Reading the records below, find how many lines include the word "image" and give that number alone.
━━ RECORDED INFORMATION ━━
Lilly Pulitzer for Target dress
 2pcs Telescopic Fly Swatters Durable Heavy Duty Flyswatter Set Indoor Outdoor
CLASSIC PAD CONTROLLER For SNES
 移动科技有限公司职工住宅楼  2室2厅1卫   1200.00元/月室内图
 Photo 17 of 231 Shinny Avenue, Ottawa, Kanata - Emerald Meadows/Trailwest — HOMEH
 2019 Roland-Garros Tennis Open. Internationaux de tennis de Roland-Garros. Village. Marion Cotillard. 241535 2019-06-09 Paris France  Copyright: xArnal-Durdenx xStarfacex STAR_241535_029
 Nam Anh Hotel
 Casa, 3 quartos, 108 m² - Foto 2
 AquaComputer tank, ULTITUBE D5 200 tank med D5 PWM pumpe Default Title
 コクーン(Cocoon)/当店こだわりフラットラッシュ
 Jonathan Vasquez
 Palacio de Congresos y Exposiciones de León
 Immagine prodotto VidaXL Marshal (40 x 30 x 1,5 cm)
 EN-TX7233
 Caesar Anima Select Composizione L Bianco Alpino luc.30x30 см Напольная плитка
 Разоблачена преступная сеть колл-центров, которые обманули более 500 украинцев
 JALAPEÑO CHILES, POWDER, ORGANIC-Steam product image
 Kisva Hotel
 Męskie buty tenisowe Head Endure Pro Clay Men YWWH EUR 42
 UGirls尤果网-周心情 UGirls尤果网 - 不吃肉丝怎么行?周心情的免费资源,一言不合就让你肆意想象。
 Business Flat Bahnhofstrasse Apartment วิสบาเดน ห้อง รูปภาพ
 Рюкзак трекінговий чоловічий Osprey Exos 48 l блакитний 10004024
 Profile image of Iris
━━━
RESPONSE: 2